Action item » Only the lines below from the one containing "Multicolor Polyester One-Piece Swimsuit" to the one containing "4-Amino-5-bromo-2-cyano-3-(difluoromethyl)pyridine" should be repeated, both included and unchanged.

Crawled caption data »
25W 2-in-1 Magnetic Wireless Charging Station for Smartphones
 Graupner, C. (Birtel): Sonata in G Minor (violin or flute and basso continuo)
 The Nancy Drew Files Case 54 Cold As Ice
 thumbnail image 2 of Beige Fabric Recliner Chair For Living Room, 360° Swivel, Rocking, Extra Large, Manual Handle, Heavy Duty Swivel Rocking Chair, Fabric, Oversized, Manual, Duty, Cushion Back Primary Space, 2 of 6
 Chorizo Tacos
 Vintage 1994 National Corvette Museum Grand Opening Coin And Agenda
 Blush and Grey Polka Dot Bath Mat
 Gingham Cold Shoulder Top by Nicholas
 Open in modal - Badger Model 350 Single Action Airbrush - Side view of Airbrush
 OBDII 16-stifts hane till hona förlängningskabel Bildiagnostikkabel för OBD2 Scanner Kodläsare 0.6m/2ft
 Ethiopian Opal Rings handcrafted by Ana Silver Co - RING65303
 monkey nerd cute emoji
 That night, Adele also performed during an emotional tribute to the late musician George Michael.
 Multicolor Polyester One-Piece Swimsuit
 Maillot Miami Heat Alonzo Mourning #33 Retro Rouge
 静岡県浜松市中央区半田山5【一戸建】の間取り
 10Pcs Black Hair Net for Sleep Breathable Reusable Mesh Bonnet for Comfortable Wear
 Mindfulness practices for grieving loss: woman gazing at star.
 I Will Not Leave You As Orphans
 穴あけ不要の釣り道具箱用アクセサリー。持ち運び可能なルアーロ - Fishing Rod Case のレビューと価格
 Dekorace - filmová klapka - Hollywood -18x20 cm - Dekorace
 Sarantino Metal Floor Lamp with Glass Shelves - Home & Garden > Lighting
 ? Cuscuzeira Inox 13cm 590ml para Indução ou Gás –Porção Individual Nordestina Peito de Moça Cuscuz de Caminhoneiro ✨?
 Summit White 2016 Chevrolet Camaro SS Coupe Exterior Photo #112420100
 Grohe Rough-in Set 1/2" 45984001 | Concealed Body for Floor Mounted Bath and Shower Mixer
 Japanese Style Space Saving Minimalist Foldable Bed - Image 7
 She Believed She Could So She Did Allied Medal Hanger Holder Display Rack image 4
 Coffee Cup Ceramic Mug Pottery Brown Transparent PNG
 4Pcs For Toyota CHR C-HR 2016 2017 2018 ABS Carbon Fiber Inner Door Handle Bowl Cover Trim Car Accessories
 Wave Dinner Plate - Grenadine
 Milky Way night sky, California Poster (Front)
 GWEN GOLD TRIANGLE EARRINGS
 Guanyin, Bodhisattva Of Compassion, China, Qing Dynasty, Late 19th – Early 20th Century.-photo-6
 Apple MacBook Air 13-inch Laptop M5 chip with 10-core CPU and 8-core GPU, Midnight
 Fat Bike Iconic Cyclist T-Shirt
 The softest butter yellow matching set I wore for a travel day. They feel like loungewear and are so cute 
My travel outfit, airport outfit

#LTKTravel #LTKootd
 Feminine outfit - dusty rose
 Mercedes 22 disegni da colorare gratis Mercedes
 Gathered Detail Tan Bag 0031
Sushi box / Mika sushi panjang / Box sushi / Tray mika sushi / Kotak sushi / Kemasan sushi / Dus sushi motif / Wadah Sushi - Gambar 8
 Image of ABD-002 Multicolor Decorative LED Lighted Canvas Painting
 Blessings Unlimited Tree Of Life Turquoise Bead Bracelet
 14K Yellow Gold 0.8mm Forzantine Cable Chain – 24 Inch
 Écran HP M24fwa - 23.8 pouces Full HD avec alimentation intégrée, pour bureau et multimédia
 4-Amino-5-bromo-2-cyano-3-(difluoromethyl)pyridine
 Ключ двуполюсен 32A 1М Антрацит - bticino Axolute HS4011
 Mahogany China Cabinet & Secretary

Finished exercise »
 Multicolor Polyester One-Piece Swimsuit
 Maillot Miami Heat Alonzo Mourning #33 Retro Rouge
 静岡県浜松市中央区半田山5【一戸建】の間取り
 10Pcs Black Hair Net for Sleep Breathable Reusable Mesh Bonnet for Comfortable Wear
 Mindfulness practices for grieving loss: woman gazing at star.
 I Will Not Leave You As Orphans
 穴あけ不要の釣り道具箱用アクセサリー。持ち運び可能なルアーロ - Fishing Rod Case のレビューと価格
 Dekorace - filmová klapka - Hollywood -18x20 cm - Dekorace
 Sarantino Metal Floor Lamp with Glass Shelves - Home & Garden > Lighting
 ? Cuscuzeira Inox 13cm 590ml para Indução ou Gás –Porção Individual Nordestina Peito de Moça Cuscuz de Caminhoneiro ✨?
 Summit White 2016 Chevrolet Camaro SS Coupe Exterior Photo #112420100
 Grohe Rough-in Set 1/2" 45984001 | Concealed Body for Floor Mounted Bath and Shower Mixer
 Japanese Style Space Saving Minimalist Foldable Bed - Image 7
 She Believed She Could So She Did Allied Medal Hanger Holder Display Rack image 4
 Coffee Cup Ceramic Mug Pottery Brown Transparent PNG
 4Pcs For Toyota CHR C-HR 2016 2017 2018 ABS Carbon Fiber Inner Door Handle Bowl Cover Trim Car Accessories
 Wave Dinner Plate - Grenadine
 Milky Way night sky, California Poster (Front)
 GWEN GOLD TRIANGLE EARRINGS
 Guanyin, Bodhisattva Of Compassion, China, Qing Dynasty, Late 19th – Early 20th Century.-photo-6
 Apple MacBook Air 13-inch Laptop M5 chip with 10-core CPU and 8-core GPU, Midnight
 Fat Bike Iconic Cyclist T-Shirt
 The softest butter yellow matching set I wore for a travel day. They feel like loungewear and are so cute 
My travel outfit, airport outfit

#LTKTravel #LTKootd
 Feminine outfit - dusty rose
 Mercedes 22 disegni da colorare gratis Mercedes
 Gathered Detail Tan Bag 0031
Sushi box / Mika sushi panjang / Box sushi / Tray mika sushi / Kotak sushi / Kemasan sushi / Dus sushi motif / Wadah Sushi - Gambar 8
 Image of ABD-002 Multicolor Decorative LED Lighted Canvas Painting
 Blessings Unlimited Tree Of Life Turquoise Bead Bracelet
 14K Yellow Gold 0.8mm Forzantine Cable Chain – 24 Inch
 Écran HP M24fwa - 23.8 pouces Full HD avec alimentation intégrée, pour bureau et multimédia
 4-Amino-5-bromo-2-cyano-3-(difluoromethyl)pyridine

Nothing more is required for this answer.